O Mother, take me to your feet.

O Mother Tara, the redeemer of the world,

O Mother Tarini, you shall appear as the savior of Muslims

when Israfil will blow his horn,

when everything will be reduced to water,

and when your father's community will sink into water without a boat.

Tara is a Tantric Shakti goddess (mahavidya), one of the best-loved

manifestations of Shakti for Tantric practitioners, and as such she

has appealed to the hearts of Bengali Muslims as much as the

Prophet's beloved daughter Fatimah.

 

Pagla Kanai also compared Fatimah to the goddess Kali and considered

her more virtuous:

 

Mother Kali is virtuous indeed—she stood on her husband's chest!

Did my gracious mother (Fatimah) ever trample `Ali?

(Quoted in The Islamic Syncretic Tradition in Bengal by Asim Roy, p.

94-95.)

 

Centuries ago, a Bengali Muslim named Saiyad Jafar was one among

several Muslims who composed odes to Kali. Here is an example:

 

Why do you in such a plight call yourself merciful?

(This is the Mother, the merciful, and in such a plight!)

What wealth can you give me? You yourself have not even clothes.

Would a woman choose nakedness if she had anything with which to

clothe herself?

Your husband is a beggar from his birth, your father is most cruel,

There is not in the family of either

any to be a benefactor.

For Saiyad Jafar what wealth is there in your keeping?

Hara's [shiva's] breast possesses your twin Feet.

 

(quoted in Kali, the Feminine Force by Ajit Mookerjee, p. 104)

 

A modern Bengali poet, Kazi Nazrul Islam (1899-1976), followed the

example of earlier poets like Saiyad Jafar in this ode to Kali, using

a play on words since in Bengali kali means 'ink':

 

Oh mother of mine,

There's ink on my hands,

ink on my face.

The neighbors laugh.

My education amounts to nothing —

I see " ShyaMa " in the letter M

And Kali in the letter K,

I dance and clap my hands.

Only my tears multiply

when my eyes light

on the rows of black marks

in multiplication tables.

I couldn't care less for

the alphabet's shades of sound

since your dark, lovely shade

isn't among them.

But Mother, I can read

all that you write

on leaves in the forest,

on the waters of the sea,

and in the ledger of the sky.

Let them call me illiterate.

Many regard him as the greatest poetic force in Bengali literature

after the world-famous Rabindranath Tagore. Both Nazrul Islam's poems

and prose writing are exuberant with a certain force and energy,

denouncing all social and religious bigotry and oppression.

 

Ayeshah Haleem wrote a study of the Lalitasahasranamam (The Thousand

Names of the Goddess Lalita), published in the anthology In All Her

Names: Explorations of the Feminine in Divinity, edited by Joseph

Campbell and Charles Musès (HarperSanFrancisco, 1991), p. 165-168.

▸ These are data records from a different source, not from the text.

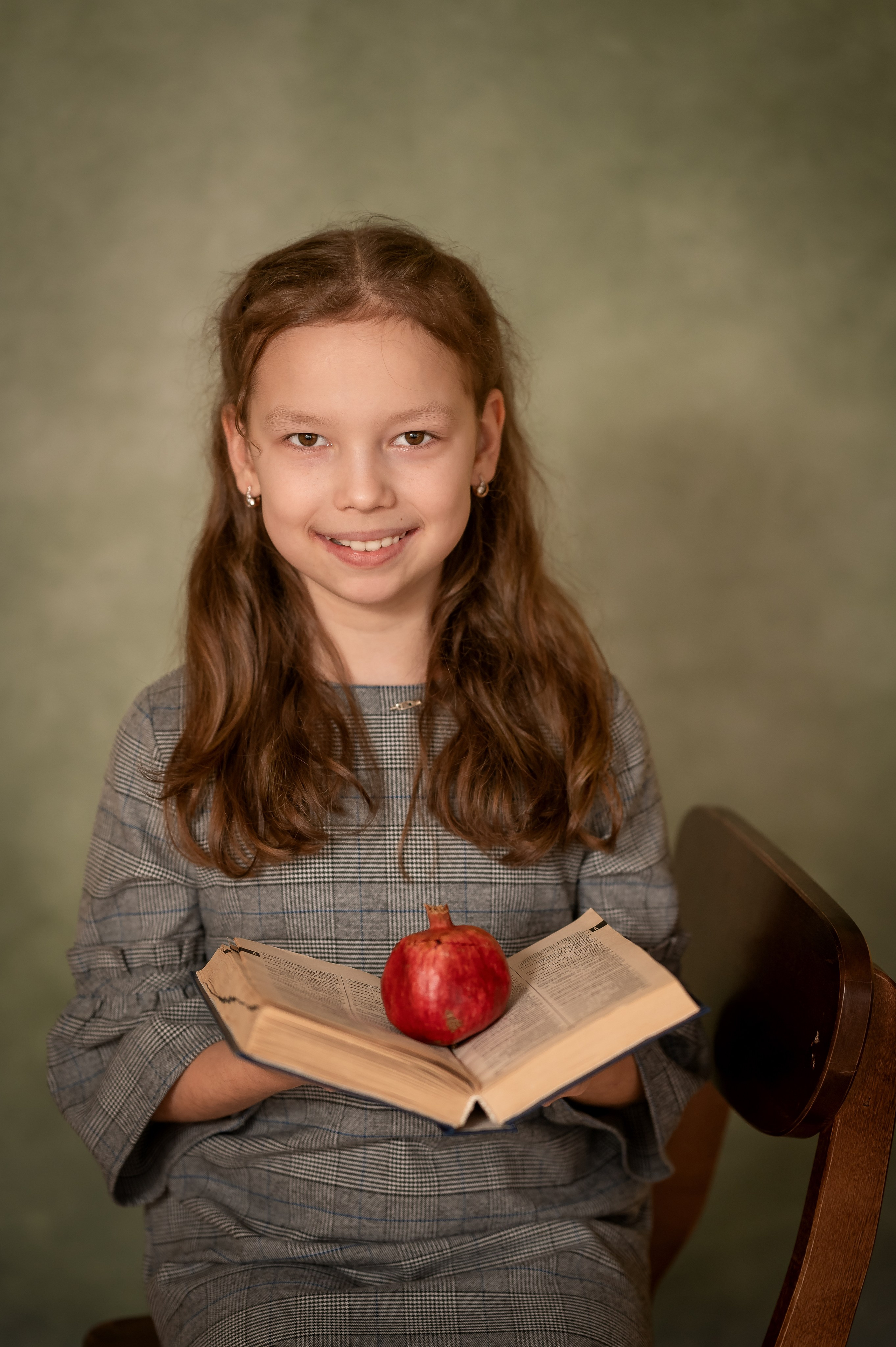 Школьный фотоальбом для младших классов. Фотограф новорождённых, семейный, школьный в городе Калуге Евгения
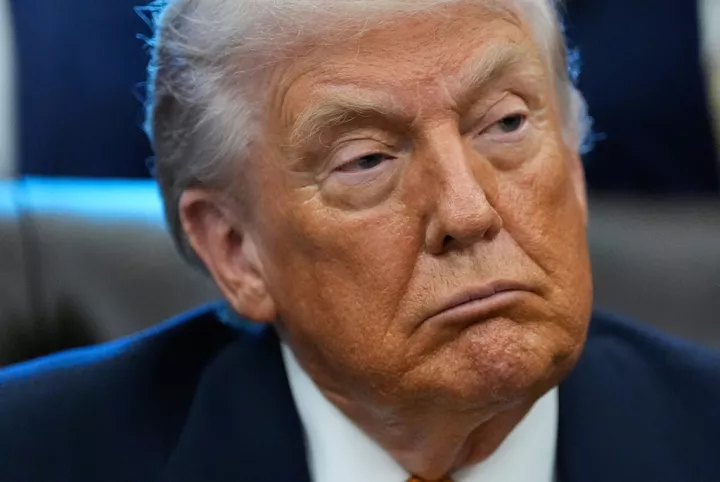 Ο Τραμπ εξετάζει νέο πλήγμα στο Ιράν - Καμία πρόοδος στις συνομιλίες για τα πυρηνικά, τα σενάρια για την «αλλαγή καθεστώτος»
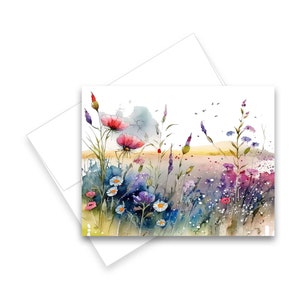 Pode incluir: Pintura em aquarela de um campo de flores silvestres em tons de rosa, roxo, azul e verde. As flores est&atilde;o dispostas em um padr&atilde;o solto e org&acirc;nico, e o fundo &eacute; uma suave lavagem de cor desfocada.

An excerpt from her study:

 

Srîmâtâ!—Glorious Mother!

Srîmahârâjnî!—Glorious Queen!

Srimatsimhâsaneswarî!—Glorious ruler on the Lioness Throne!

 

Thus begins, with her first three names, the uplifted Sanskrit hymn

Lalitâsahasranâmam (The Thousand Names of the Goddess) in

praise of the Goddess of our Universe, with forms of address

describing her prime triplicity as Container, Measurer, and Matter of

the Universe (all implied by the word Mâtâ; Queen of the

Universe thereby, and Regulator of Time, the Devouring Lioness—and

therefore of all cycles that eventually return to their starting

point, making a whole.

 

Although her triple quality is all-encompassing, she is Manifestation

itself (Mâyâ)—the Veil of Existence—in all its variety

and detail, and thus she may be found through countless avenues. It

is something of this multiplicity that the Thousand Names of

Lalitâ seeks to convey, though the " thousand, " in turn, stand for

the thousands upon thousands of epithets that actually exist. The

text now available, although a compilation of recent date, is without

doubt derived from prototypes reaching back several millennia before

Christ and eventually to Paleolithic times.